A.J. Mahari is a Life Coach who also understands that strategy is important to the client’s work. Developing strategy is part of the journey between the client and the coach as the client searches to identify what he or she needs. This means that as part of the coaching process I assist you in not only identifying your needs, goals, desires, and your dreams, but I also help you to plan a personal strategy that will work for you as the individual that you are. Strategy that works for you, that feels natural for you, that has meaning to and for you and that can help you to implement and design your strategy going forward.

In the life coaching process it can be very important to work with a coach, like A.J. Mahari, who is very skilled in the reality that change takes strategy to identify, implement, and support. Strategy involves the action steps that will drive your process of self-improvement, personal growth, coping more effectively, change, and/or recovery, moving forward.

“Water is never tired of flowing” You need not tire of growing. Believe in yourself and in what you know you want/need to change. Strategy is but one method of learning skills and of learning to use your strengths as tools to help you unblock yourself, and like water, that’s never tired of flowing, navigate your way effectively around the rock-like obstacles that are blocking you at this juncture of your journey.

For some clients it will take a little more time to awaken to actually strategizing – to be ready to do the work necessary to actually map out strategy.
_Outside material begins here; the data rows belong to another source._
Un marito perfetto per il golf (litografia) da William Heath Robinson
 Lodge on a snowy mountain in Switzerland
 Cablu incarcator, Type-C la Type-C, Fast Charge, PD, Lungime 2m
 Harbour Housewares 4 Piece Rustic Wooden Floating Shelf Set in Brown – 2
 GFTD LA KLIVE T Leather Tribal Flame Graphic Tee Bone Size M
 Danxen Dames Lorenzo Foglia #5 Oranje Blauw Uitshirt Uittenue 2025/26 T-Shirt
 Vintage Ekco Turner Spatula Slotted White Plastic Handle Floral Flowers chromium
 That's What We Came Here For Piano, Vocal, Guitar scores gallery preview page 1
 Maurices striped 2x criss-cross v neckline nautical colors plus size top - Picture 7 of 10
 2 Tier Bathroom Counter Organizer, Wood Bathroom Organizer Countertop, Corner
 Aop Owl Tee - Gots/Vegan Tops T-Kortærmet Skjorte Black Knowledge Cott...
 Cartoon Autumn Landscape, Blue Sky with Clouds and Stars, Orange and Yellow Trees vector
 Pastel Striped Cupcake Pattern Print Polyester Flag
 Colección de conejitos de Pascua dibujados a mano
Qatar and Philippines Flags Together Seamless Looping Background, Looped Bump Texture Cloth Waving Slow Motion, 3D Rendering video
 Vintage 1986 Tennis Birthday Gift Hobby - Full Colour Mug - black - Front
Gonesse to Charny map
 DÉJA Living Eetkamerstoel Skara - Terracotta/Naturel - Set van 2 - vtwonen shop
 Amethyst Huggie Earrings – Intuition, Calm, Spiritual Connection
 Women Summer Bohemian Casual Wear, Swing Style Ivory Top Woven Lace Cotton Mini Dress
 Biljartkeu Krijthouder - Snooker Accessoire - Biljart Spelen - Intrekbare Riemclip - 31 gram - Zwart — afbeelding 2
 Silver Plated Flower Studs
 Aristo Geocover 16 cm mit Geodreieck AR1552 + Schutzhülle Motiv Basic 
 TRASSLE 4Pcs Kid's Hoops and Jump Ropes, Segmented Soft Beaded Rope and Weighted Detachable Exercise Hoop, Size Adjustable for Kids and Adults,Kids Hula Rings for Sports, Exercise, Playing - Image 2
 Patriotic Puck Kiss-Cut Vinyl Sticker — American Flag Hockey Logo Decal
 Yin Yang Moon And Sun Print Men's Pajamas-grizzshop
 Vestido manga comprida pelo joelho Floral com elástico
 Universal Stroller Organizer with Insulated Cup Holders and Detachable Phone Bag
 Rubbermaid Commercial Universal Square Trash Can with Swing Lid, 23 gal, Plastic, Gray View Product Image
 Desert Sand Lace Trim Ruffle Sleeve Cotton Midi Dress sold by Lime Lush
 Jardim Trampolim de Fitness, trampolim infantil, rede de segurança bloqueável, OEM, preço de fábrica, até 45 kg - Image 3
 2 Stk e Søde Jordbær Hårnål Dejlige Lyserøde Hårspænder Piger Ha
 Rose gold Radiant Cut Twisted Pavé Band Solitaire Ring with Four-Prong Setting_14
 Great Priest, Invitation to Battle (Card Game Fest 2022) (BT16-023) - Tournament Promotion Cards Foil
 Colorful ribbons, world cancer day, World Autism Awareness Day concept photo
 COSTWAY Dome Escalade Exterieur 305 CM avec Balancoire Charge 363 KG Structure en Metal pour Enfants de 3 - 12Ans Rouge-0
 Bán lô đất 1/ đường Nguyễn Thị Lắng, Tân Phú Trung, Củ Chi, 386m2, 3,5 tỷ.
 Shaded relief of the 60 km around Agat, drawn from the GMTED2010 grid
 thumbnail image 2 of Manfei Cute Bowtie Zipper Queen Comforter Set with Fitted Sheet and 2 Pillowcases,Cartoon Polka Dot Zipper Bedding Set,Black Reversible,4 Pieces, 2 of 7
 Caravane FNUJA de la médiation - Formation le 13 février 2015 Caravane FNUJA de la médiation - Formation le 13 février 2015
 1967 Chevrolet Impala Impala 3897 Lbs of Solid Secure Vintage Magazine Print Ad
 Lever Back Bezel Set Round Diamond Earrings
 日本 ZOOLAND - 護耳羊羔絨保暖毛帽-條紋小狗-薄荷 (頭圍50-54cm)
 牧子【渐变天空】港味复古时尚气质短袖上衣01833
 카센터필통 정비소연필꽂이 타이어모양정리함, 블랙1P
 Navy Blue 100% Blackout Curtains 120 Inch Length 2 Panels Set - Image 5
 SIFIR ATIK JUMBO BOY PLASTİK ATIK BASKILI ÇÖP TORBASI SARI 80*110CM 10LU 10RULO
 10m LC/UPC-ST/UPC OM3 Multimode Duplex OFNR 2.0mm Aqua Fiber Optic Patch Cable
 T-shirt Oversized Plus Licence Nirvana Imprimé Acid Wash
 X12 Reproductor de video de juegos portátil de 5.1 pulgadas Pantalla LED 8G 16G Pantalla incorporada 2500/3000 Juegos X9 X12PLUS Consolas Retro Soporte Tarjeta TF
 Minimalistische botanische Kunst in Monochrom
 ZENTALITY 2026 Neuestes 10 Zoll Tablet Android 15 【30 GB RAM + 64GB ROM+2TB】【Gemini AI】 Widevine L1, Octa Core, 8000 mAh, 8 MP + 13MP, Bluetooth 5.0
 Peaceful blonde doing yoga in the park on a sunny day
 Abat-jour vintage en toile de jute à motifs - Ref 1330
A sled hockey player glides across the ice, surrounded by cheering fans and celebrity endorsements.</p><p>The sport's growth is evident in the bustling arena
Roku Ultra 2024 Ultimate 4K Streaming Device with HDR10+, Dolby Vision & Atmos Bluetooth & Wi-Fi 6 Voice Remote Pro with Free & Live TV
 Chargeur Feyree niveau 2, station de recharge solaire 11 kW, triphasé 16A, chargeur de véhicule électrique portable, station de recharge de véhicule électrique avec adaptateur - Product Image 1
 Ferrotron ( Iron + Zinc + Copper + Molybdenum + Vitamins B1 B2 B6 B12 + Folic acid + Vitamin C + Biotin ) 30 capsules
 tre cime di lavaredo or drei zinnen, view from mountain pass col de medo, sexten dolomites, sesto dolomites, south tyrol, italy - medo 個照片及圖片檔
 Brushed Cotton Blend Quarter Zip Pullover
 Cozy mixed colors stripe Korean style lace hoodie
Some people really need to further explore where they are right now gaining more insight and awareness in the here and now. Your first action step is to purchase a coaching session. From there we can explore your next steps together.

Life coaching supports the client’s self-affirming strategy while also mirroring back to the client any negative or self-destructive and goal-blocking patterns, habits, ways of thinking that block the client’s ability to more clearly and productively implement an effective strategy to meet his or her goals.

 

© A.J. Mahari – All rights reserved.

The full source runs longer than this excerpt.